Very well said. You are so right I just wish the rest of the breeders out there would take more precaution and put a little more love in to it. If all the breeders and sellers out there would put even half the love in, we wouldn't be in this pickle. I must say I've learned so much from you Lisa through all your posts and all the frog forum froggers as well. My frogs live happier, healthier lives now because of all of this. I'm always looking for ways to better my frogs well being and there housing and caring for them  too. 


Sent from my iPhone using Tapatalk

----------

irThumper

----------


## Frogger00

I know you are upset, and I don't know the whole story, but there is many other things to blame other than the breeder. Maybe your frogs came in contact with the disease while being shipped, or the breeder didn't even know that his frogs had caught the terrible disease. Don't get me wrong, it's great that you are sharing your experience, but please take into account these other possibilities. I'm sorry you've had such bad luck with a few of your frogs, I hope the others are doing well.

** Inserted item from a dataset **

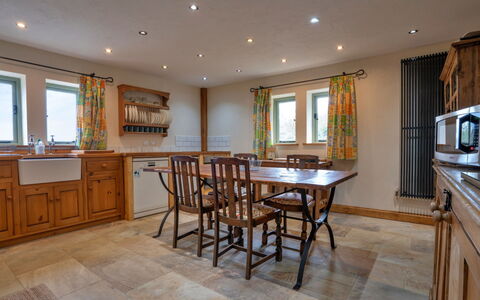 Rough Close Farm Cottage: Mobilia, Interior Design, Pavimentazione, Pavimento, Legna, Soffitto, Camera, Cabinetry, Illuminazione, Cucina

Sent from my iPad using Tapatalk

----------


## irThumper

This is no snap judgement, believe me. The veterinarians confirmed that the frogs would have been infected before coming to me. If you want to know the WHOLE story, including the threats made against me by Mike for trying to notify people about the Chytrid (and that they should test/treat their frogs to be on the safe side) then you can PM me and I will fill you in. I have been trying to piece together some very disturbing puzzle pieces, including the fact that frogs from the same breeder were dying at our local Petco-- they weren't dying from coccidiosis, after seeing it first hand I am 99% sure it was Chytrid. I also hear constantly about people's Petco frogs getting sick and up and dying... there has to be a common denominator, other than Petco just sucks at amphibian care. On Facebook was also a little girl who purchased WTFs from this same breeder (not Mike, the supplier in my case) more than once. The last time she got them directly from him at an expo... all of them got sick and died in short order. These Petco (etc) frog deaths all need to be investigated, they cannot simply be brushed off as the fault of the store or of the owners. Someone needs to be accountable. Mike even tried to say the fault was mine because he said he knew I "never quarantined any of my frogs." Anyone who's been following me on here knows THAT sure as shoot isn't true! He said they had to have caught it from one of my other frogs... I told him if that was true then we really had a big problem, as ALL my frogs (except one) came from the same breeder! My only non-Sandfire frog is Martha, and she came to me as an adult from a different Petco (35 miles away) and a different supplier. Also, I document EVERYTHING in both photos and video. Other than having a myriad of internal parasites they have been treated for all of my other guys have been healthy and living with me since Oct, Dec & Jan... Pole Bean came to me already skinny and sick, and Butter Bean was dead within 29 days with no obvious outward signs until just before he died. 

People need to stop sticking their heads in the sand and brushing domestic frog deaths under the rug, they are not doing the herp industry a bit of good by doing so. I am not interested in replacement frogs... I would refuse them at this point rather than risk going through this again! And even though we are out a substantial amount of money I am not asking for a refund, I am asking for accountability, not threats and redirection away from the issue.




> I know you are upset, and I don't know the whole story, but there is many other things to blame other than the breeder. Maybe your frogs came in contact with the disease while being shipped, or the breeder didn't even know that his frogs had caught the terrible disease. Don't get me wrong, it's great that you are sharing your experience, but please take into account these other possibilities. I'm sorry you've had such bad luck with a few of your frogs, I hope the others are doing well.
> 
> 
> Sent from my iPad using Tapatalk

----------

LilyPad

----------


## Xavier

Honestly, I get kind of a vibe of Mike's, because he kind of feels like the McDonalds of the breeder's world. You see adds for them all the time, and then stuff like this happens...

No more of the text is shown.